I used an MFJ-259B antenna analyzer to tune the antenna.  It can be resonated (zero reactance) between about 5 and 10 MHz with the 12 foot tape fully extended to fully retracted.  About six feet of tape is used for 40 meters.  The actual length will vary with the location of the antenna.  On the air tests show between 5 and 10 db difference between my home station using a 40 meter kit on a Cushcraft A4-S up about 40 feet.  Of course the building blocks radiation in one direction and that was the direction that I was talking.  Further tests are needed and the results will be reported as the tests are done.

The mast can also be erected vertically as a quarter wave vertical by extending two radials in opposite directions, or it can be used to support the center of a full size inverted V. When used as a vertical, the antenna must be either mounted over a near perfect ground like sea water or elevate into the air at least 30 feet. The two radials will give a return current path, but they do not do much for lossy ground shielding.

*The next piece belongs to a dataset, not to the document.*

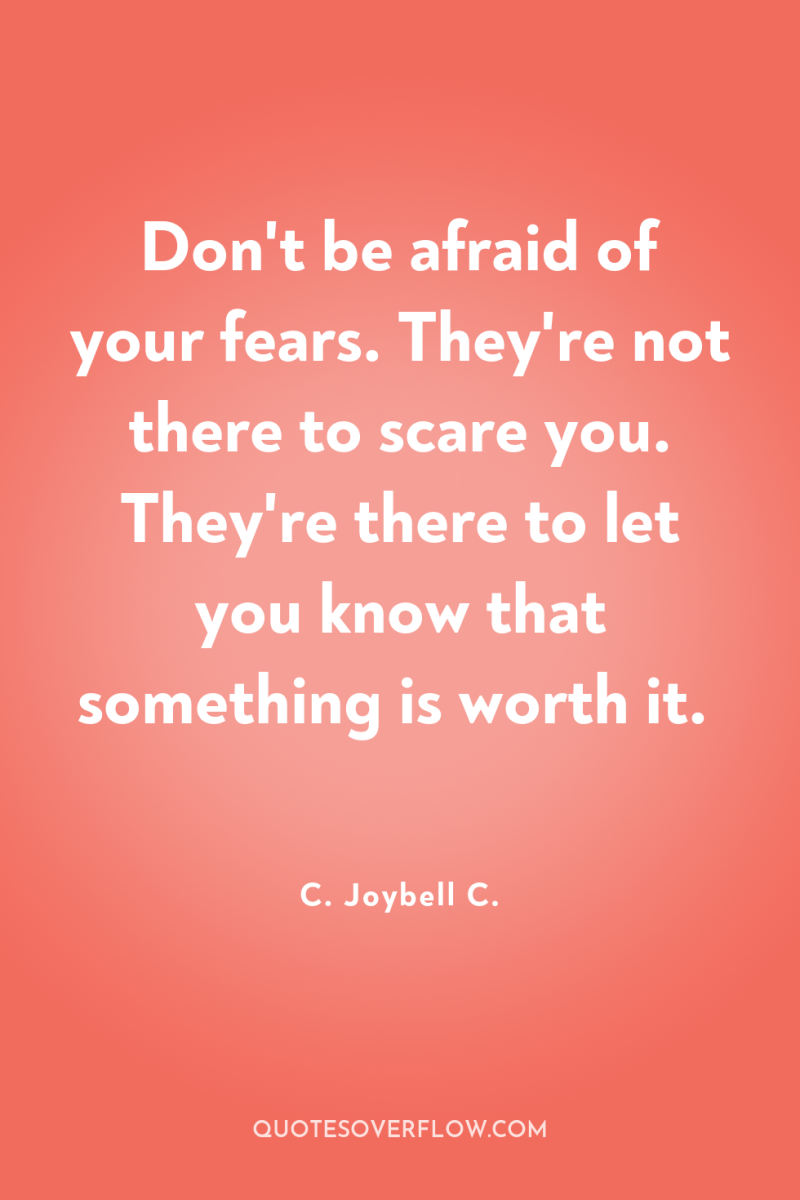 Don't be afraid of your fears. They're not there to...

I took my portable system to Oklahoma over a weekend and made some comparison tests with a flat top dipole strung in the trees at about 20 feet.  Photos A, B, and C show the arrangement of the portable antenna.  On 40 meters the difference was about 6 db with some reports indicating that the portable antenna was stronger.


I recently took a trip to Dedham, MA where I got to try out the portable setup from the third floor of a building.  Photos A through G show the operation there.  The building is an old mansion with wooden floors, so the counterpoise can rest on the floor as shown in B.  I got good reports on 40 and 20 meters.